Every outage makes IT look bad !

Running an IT system is difficult: whenever an outage is popping up, IT department is looking bad in front of its customer, very often looking for the guilty one. This natural inclination to finger pointing has to be fought as much as possible: it is not improving the relationship with the customer and not improving the system either. No need to say that, from a management point of view, this is creating even more damages: by definition, people are making mistakes and finger pointing will encourage them to cover their position or even to hide facts.
Everyone has been confronted with this very annoying situation in which the whole system is down but every sub component is working fine! This is a typical situation where looking good as an individual is more important than solving the issue the company is facing. Therefore everyone is defending himself instead of collaborating for solving the issue.
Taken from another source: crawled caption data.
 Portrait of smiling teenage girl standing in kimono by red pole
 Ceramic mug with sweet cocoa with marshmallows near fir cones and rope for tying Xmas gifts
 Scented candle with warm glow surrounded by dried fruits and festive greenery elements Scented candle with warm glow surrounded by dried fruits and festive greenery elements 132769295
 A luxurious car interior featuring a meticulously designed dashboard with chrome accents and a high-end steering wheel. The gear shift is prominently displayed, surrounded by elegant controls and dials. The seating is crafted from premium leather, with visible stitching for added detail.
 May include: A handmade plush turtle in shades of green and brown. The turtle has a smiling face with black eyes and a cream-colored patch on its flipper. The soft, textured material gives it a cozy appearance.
Finger pointing does not help solving an issue !

This finger pointing behaviour is generating fear and angst which are blocking any improvement process. Who would be keen on changing something which may generate a problem? Even worse, very often people are hiding failures making it impossible to identify the root cause. I am sure this will ring a bell for many of us: how much time have we spent trying to understand implausible arguments that were trying to hide evidences?
Another negative impact of this kind of lack of trust is that IT tends to fix immediately the outage, overreacting to prove how good it is: “of course, we had an outage but it has been fixed immediately… !”
All these trends are tending to hide or at least not to analyse the root causes of the faced outage, therefore, no improvement is then possible and those outages will occur repeatedly.
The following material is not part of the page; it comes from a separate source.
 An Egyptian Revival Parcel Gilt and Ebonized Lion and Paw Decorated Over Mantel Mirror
Are we sure this will not happen again ?

There is only one question which really matters: "Are we sure this will not happen again?". If this question is enforced by management and users, the focus move dramatically to understanding the root causes and improving the system
IT chains are complex, made of hundreds of components chained one after the other, therefore an outage may come from a root cause which is quite far from the faulty component. First level analysis is definitely not sufficient. Encouraging a deep analysis is not only mandatory to improve the overall reliability but is also breaking the vicious circle of suspicious relationships leading to better efficiency.